The solution came unexpectedly. The exercise actually started while I was trying to hire for our interview team. Part of the evaluation process that I used was asking candidates to interview me (it got really meta), and, in order to make these interviews more interesting, I gave a mix of (my attempt at) good and bad answers. I immediately noticed how this got them to give honest (and humbling) feedback--even on my “good” answers. From this experience, we developed the following exercise to train all our interviewers in humility:

  • Pair up with a co-worker, and have them ask you some of their favorite interview questions.
  • Tell them in advance that you are going to intentionally answer some of the questions poorly (role-playing answers that a weak candidate might give).
  • Then, as the interview progresses, do exactly this. About half the time give your best answer. The other half of the time give an intentionally poor answer.
  • After the interview is over, ask your co-worker to critique your answers.

What this does is free your co-worker to be 100% honest. They don't know which parts of the interview were really you trying to perform well. Moreover, they are on the hook to notice the bad answers you gave. If you gave an intentionally poor answer and they don't “catch” it, they look a little bad. So, they will give an honest, detailed account of their perceptions.

Be careful with this exercise! I've done this a bunch, and it's deeply humbling. It almost always results in someone you respect pointing out things you're bad at. And it has some potential to create conflict. I think it should probably only be done inside teams with a good degree of internal trust (the danger is convincing team members that other team members are not very good). But the result is powerful. It highlights clearly both the extent to which strong engineers are weak in certain areas, and the extent to which interviewers jump to conclusions about what a candidate means. I think everyone who conducts interviewers should put themselves through this exercise.

Conclusion

It's important for technical interviewers to be humble. This creates a better experience for the candidate, and it also makes interviews more accurate. The best interviewers are aware of their own limitations, and have a healthy appreciation of how capricious the process can be. To get better at these things, interviewers need to spend more time as candidates, being interviewed themselves. It's hard to create this experience among co-workers, but we've come up with a (dangerous!) exercise that does a pretty good job.

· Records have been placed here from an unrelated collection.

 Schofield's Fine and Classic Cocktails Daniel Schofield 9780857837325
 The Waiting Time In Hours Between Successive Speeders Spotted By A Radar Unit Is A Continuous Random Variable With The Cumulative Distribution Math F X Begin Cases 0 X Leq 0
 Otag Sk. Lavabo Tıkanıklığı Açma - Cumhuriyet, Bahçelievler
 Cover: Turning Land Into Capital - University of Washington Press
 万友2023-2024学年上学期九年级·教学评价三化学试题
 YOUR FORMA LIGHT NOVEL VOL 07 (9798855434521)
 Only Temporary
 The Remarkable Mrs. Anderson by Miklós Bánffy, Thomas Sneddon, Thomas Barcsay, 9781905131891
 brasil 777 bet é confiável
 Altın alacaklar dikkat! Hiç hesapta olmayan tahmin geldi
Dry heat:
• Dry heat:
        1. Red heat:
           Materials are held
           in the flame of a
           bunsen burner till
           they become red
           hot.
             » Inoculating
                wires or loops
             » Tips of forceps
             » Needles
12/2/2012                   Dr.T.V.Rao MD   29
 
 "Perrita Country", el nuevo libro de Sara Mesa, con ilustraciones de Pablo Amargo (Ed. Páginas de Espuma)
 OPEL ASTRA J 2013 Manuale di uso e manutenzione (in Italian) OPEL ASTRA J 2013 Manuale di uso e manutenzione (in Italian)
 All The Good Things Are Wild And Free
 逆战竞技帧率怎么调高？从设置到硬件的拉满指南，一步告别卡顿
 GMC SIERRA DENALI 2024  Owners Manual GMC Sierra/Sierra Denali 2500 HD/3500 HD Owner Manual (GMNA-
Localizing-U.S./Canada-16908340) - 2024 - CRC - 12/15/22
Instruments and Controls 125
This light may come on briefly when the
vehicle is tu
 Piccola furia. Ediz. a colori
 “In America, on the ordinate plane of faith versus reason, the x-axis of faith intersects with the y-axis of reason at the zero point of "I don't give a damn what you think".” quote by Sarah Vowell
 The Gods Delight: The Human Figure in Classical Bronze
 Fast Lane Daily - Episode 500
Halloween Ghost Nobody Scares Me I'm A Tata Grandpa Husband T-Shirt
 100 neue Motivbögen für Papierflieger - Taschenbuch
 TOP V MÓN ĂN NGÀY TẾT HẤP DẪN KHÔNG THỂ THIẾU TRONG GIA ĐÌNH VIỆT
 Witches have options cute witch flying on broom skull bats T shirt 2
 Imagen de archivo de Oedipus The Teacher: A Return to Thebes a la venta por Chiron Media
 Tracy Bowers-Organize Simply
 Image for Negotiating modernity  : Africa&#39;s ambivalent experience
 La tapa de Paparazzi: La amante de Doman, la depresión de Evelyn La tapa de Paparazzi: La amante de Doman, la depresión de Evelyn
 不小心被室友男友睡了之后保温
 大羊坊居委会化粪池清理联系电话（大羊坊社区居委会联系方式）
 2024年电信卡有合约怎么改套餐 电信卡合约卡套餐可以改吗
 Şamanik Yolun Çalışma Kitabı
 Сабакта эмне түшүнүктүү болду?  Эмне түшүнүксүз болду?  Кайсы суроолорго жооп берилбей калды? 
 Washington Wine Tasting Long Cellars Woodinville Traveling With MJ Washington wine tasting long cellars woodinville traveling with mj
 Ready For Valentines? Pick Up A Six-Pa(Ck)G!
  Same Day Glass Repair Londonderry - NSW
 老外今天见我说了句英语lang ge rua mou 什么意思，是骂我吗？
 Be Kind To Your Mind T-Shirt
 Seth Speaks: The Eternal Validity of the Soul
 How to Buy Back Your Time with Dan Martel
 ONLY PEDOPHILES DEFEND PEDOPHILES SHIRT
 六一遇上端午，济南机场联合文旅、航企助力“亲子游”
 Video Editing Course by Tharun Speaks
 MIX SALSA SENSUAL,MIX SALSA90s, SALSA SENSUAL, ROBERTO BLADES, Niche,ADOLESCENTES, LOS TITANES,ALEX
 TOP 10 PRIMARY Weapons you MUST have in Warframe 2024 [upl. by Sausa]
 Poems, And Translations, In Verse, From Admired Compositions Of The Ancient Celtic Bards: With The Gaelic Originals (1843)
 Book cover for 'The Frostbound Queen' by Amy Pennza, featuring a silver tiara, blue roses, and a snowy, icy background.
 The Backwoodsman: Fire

I'd love it if people tried this exercise more broadly. I think it might be something that should become standard for interview teams at most companies. If you give it a try, email me at ammon@triplebyte.com and let me know how it went.


[1] I've interviewed over 1000 people since starting Triplebyte. Some of the them probably don't feel that I was humble when I spoke with them. All I can say to this is... I'm sorry if I did a bad job interviewing you. Everything I write about here I apply to myself.